Ljubljana is the capital and largest city of Slovenia, and one of the smallest, greenest, and safest capitals in Europe. According to local legends, the city was founded by the hero of Greek myths, Argonaut Jason, who went north from Colchis. Residents believe that Jason killed the dragon in Ljubljana, whose image can be seen on the city’s coat of arms and flag.
Historical facts about Ljubljana
- The territory of the modern city was already inhabited in the 2nd century BC by the Venetian tribes and then by the Celts.
- In the 1st century BC here stood the ancient Roman city Emona which was destroyed by barbarians in the 1st century.
- The first Slavic tribes settled in this area in the 4th century.
- The first written record of the city called Luwigana dates back to the 12th century.
- Between the 14th and 18th centuries, Ljubljana – then Laibach – was under the rule of the House of Habsburg /Austria.
- In the 19th century, it was the capital of the Kingdom of Illyria.
- After the Second World War, Ljubljana became the capital of the Yugoslavian Socialist Republic of Slovenia; since 1991, it has been the capital of the Republic of Slovenia.
The main attractions of Ljubljana are concentrated in the historical core of the city located between Castle Hill and Tivoli Park.

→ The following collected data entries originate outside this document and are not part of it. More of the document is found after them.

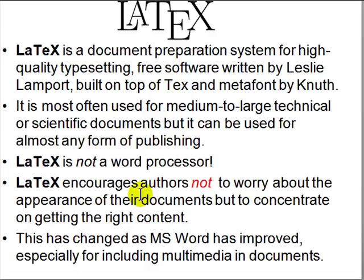In recent times this has changed. Microsoft Word has improved a lot and has been very good with multimedia documents. It is quite difficult in LaTeX to insert images and multimedia, but LaTeX is used mostly for scientific papers.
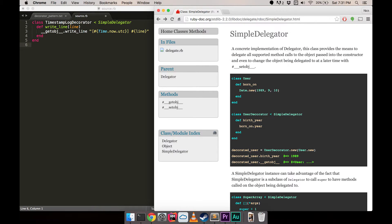Our decorator class derives from SimpleDelegator, which is defined as part of the core Ruby library. This class and its parent class, Delegator, handle storing the instance of the class we are wrapping and the magic of delegating method calls to this class.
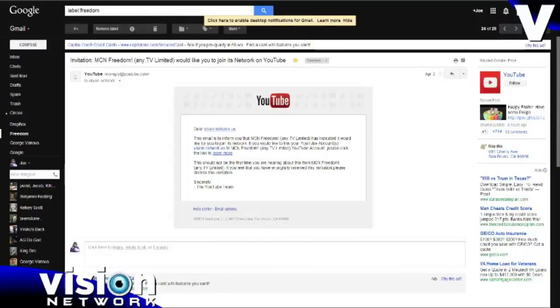Once you've applied, you'll receive an email from Vision Network saying that you've been accepted. Shortly thereafter, you're going to receive another email from YouTube, and it will look just like this.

Useful information about Ljubljana
Area: 164 km² / 63 sq mi
Elevation: 295 m / 967 ft
Coordinates: 46° 3′ 25″ N, 14° 30′ 20″ E
Ljubljana is located on the banks of the Ljubljanica River in a picturesque valley and surrounded by the Alps and the Karst, in central Slovenia.

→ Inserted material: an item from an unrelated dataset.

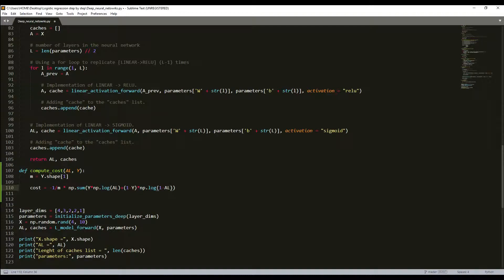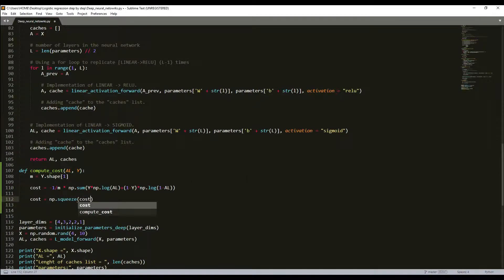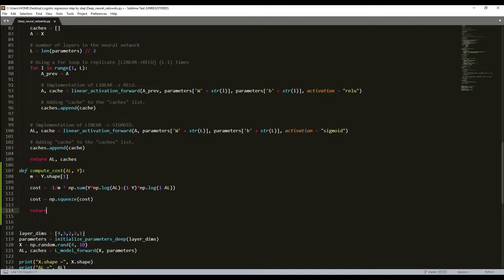AL is our probability vector corresponding to our labels — these are our label predictions with the same shape as Y, where Y is our true label vector. We then use numpy.squeeze on the cost to remove any extra array dimensions, and finally return the cost. It's only two lines of code.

The capital of Slovenia is small, calm, and green, with very beautiful surroundings. I spent almost a week in Ljubljana and was happy here as I like hill places so much. Standing next to the castle on a large hill and looking at the historic city below and the blue Alps in the distance, I felt a sense of bliss, serenity, and a feeling of oneness with the world. If you like cities without thousands of tourist flows, Ljubljana is definitely for you.
I hope you enjoyed my Exploring Slovenia: Ljubljana post. If you like Slovenia, here are a few more posts that I recommend you read next:
What to buy in Ljubljana?
Dragon souvenir. The dragon is one of the main symbols of Ljubljana and you will see its figures wherever you go.

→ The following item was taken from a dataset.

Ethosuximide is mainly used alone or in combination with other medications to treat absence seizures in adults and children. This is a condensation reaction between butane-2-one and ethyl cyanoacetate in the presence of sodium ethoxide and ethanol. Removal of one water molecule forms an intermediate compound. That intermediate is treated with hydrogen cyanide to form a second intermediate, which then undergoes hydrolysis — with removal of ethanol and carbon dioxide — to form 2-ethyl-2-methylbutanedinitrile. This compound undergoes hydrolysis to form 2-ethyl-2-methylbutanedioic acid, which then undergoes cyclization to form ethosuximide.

Rogaška crystal. With a tradition of 350 years, Rogaška Glassworks fosters and continues the art of making crystal ware in Slovenia. The brand’s premium home and lifestyle products in a high-quality crystal have been successfully exporting from the very beginning.
Chocolate Gorenjka. Offering a variety of chocolates of various sizes and flavors, Gorenjka – the most recognized chocolate brand in Slovenia – has been satisfying lovers of this snack since 1958.
Bovec cheese. Locally know as Bovški sir, the Bovec cheese is a traditional Slovenian cheese. It is made out of raw sheep’s milk and classified as full-fat hard cheese.
Pumpkin seed oil. Slovenian pumpkin oil is produced only from handpicked pumpkin seeds of the highest quality and well known for its intense nutty taste; it is completely natural and rich in vitamins and anti-inflammatory agents along with linoleic and oleic acids.
Piran salt. This salt is formed on the surface of Salinas Basin in the southwestern part of Slovenia and is gently harvested by hand, using the same salt panning methods and tools that have been in use for over the last 700 years. It is mild in flavor and varies in subtle undertones of a distinct sea aroma.